Re: [RFC] Explicit synchronization for Nouveau

James Jones <jajones@xxxxxxxxxx> · Mon, 29 Sep 2014 10:20:44 -0700

On 9/29/14 8:42 AM, Jerome Glisse wrote:
On Mon, Sep 29, 2014 at 09:43:02AM +0200, Daniel Vetter wrote:
On Fri, Sep 26, 2014 at 01:00:05PM +0300, Lauri Peltonen wrote:

Hi guys,

I'd like to start a new thread about explicit fence synchronization.  This time
with a Nouveau twist. :-)

First, let me define what I understand by implicit/explicit sync:

Implicit synchronization
* Fences are attached to buffers
* Kernel manages fences automatically based on buffer read/write access

Explicit synchronization
* Fences are passed around independently
* Kernel takes and emits fences to/from user space when submitting work

Implicit synchronization is already implemented in open source drivers, and
works well for most use cases.  I don't seek to change any of that.  My
proposal aims at allowing some drm drivers to operate in explicit sync mode to
get maximal performance, while still remaining fully compatible with the
implicit paradigm.

Yeah, pretty much what we have in mind on the i915 side too. I didn't look
too closely at your patches, so just a few high level comments on your rfc
here.

I will try to explain why I think we should support the explicit model as well.

1. Bindless graphics

Bindless graphics is a central concept when trying to reduce the OpenGL driver
overhead.  The idea is that the application can bind a large set of buffers to
the working set up front using extensions such as GL_ARB_bindless_texture, and
they remain resident until the application releases them (note that compute
APIs have typically similar semantics).  These working sets can be huge,
hundreds or even thousands of buffers, so we would like to opt out from the
per-submit overhead of acquiring locks, waiting for fences, and storing fences.
Automatically synchronizing these working sets in kernel will also prevent
parallelism between channels that are sharing the working set (in fact sharing
just one buffer from the working set will cause the jobs of the two channels to
be serialized).

2. Evolution of graphics APIs

The graphics API evolution seems to be going to a direction where game engine
and middleware vendors demand more control over work submission and
synchronization.  We expect that this trend will continue, and more and more
synchronization decisions will be pushed to the API level.  OpenGL and EGL
already provide good explicit command stream level synchronization primitives:
glFenceSync and EGL_KHR_wait_sync.  Their use is also encouraged - for example
EGL_KHR_image_base spec clearly states that the application is responsible for
synchronizing accesses to EGLImages.  If the API that is exposed to developers
gives the control over synchronization to the developer, then implicit waits
that are inserted by the kernel are unnecessary and unexpected, and can
severely hurt performance.  It also makes it easy for the developer to write
code that happens to work on Linux because of implicit sync, but will fail on
other platforms.

3. Suballocation

Using user space suballocation can help reduce the overhead when a large number
of small textures are used.  Synchronizing suballocated surfaces implicitly in
kernel doesn't make sense - many channels should be able to access the same
kernel-level buffer object simultaneously.
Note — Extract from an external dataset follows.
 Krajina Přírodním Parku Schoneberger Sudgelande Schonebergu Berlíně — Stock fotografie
4. Buffer sharing complications

This is not really an argument for explicit sync as such, but I'd like to point
out that sharing buffers across SoC engines is often much more complex than
just exporting and importing a dma-buf and waiting for the dma-buf fences.
Sometimes we need to do color format or tiling layout conversion.  Sometimes,
at least on Tegra, we need to decompress buffers when we pass them from the GPU
to an engine that doesn't support framebuffer compression.  These things are
not uncommon, particularly when we have SoC's that combine licensed IP blocks
from different vendors.  My point is that user space is already heavily
involved when sharing buffers between drivers, and giving it some more control
over synchronization is not adding that much complexity.
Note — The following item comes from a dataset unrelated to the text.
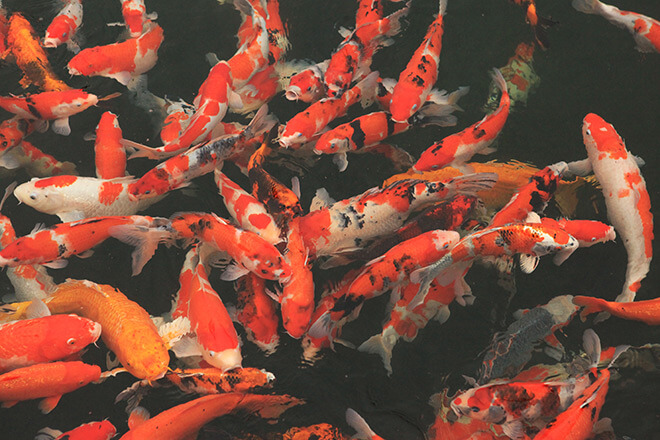 Những chú cá trong hồ cá Koi có hình thể cân đối, vạm vỡ, màu sắc và hoa văn đẹp mắt
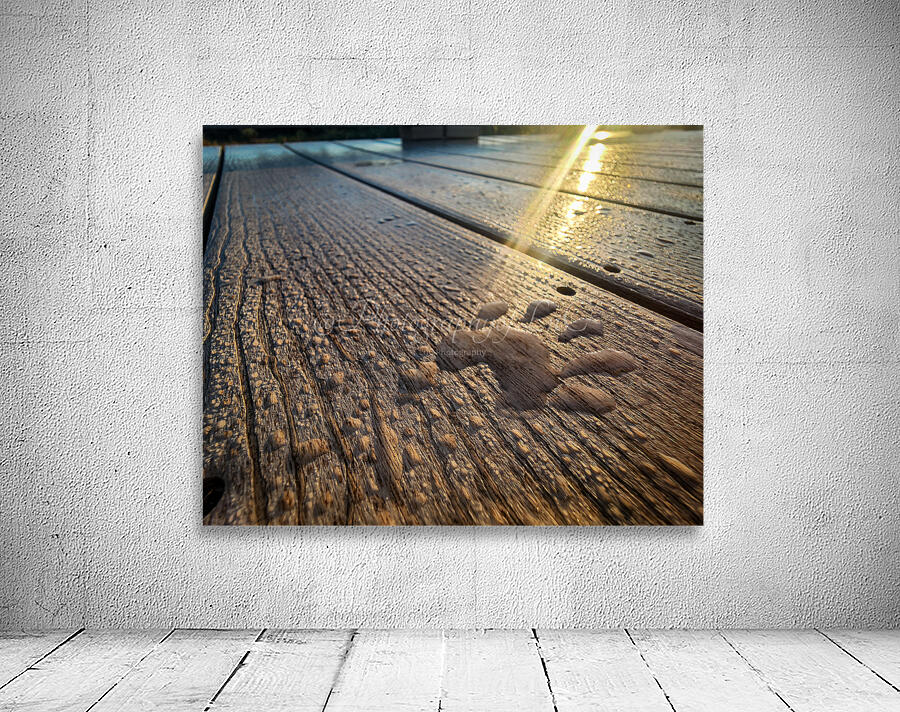 Racoon Paw in Dew Wall Preview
Because of the above arguments, I think it makes sense to let some user space
drm drivers opt out from implicit synchronization, while allowing them to still
remain fully compatible with the rest of the drm world that uses implicit
synchronization.  In practice, this would require three things:

(1) Support passing fences (that are not tied to buffer objects) between kernel
     and user space.

(2) Stop automatically storing fences to the buffers that user space wants to
     synchronize explicitly.

The problem with this approach is that you then need hw faulting to make
sure the memory is there. Implicit fences aren't just used for syncing,
but also to make sure that the gpu still has access to the buffer as long
as it needs it. So you need at least a non-exclusive fence attached for
each command submission.

Of course on Android you don't have swap (would kill the puny mmc within
seconds) and you don't care for letting userspace pin most of memory for
gfx. So you'll get away with no fences at all. But for upstream I don't
see a good solution unfortunately. Ideas very much welcome.
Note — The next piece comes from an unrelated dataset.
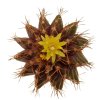 UEBELMANNIA buiningii RNK 53, 8 months SEEDLINGS now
Well i am gonna repeat myself. But yes you can do explicit without associating
fence (at least no struct alloc) just associate a unique per command stream
number and have it be global ie irrespective of different execution pipeline
your hw have.

For non scheduling GPU, today generation roughly, you keep buffer on lru and
you know you can not evict buffer to swap for those that have an active id
(hw did not yet write the sequence number back). You update the lru with each
command stream ioctl.

For binding to GPU GART you can do that as a preamble to the command stream
which most hardware (AMD, Intel, NVidia) should be able to do.

For VRAM you have several choice that depends on how you want to manage VRAM.
For instance you might want to use it more like a cache and have each command
stream preamble with a bunch of copy to VRAM and posibly bunch of post copy
back to RAM. Or you can hold to current scheme but buffer move now becomes
preamble to command stream (ie buffer move are scheduled as a preamble to
command stream).

Additionally, I think the goal is to move to a model where some 
higher-level object such as a working set, rather than individual 
buffers, are assigned counters or sync primitives on a per-submission 
basis.  Versioning off tags for individual buffers then moves to working 
set modification time.  This is more feasible if the only thing that 
needs precise fencing of individual surfaces is lifetime management.

The trend seems to be towards establishing a relatively large working 
set up front and then submitting many command buffers against it, 
perhaps with incremental modifications to the working set along the way. 
 This may be what's referred to as the Android model above, but I view 
it as the "non-glitchy graphic" model going forward.

Thanks,
-James

So i do not see what you would consider rocket science about this ?

Cheers,
Jérôme

(3) Allow user space to attach an explicit fence to dma-buf when exporting to
     another driver that uses implicit sync.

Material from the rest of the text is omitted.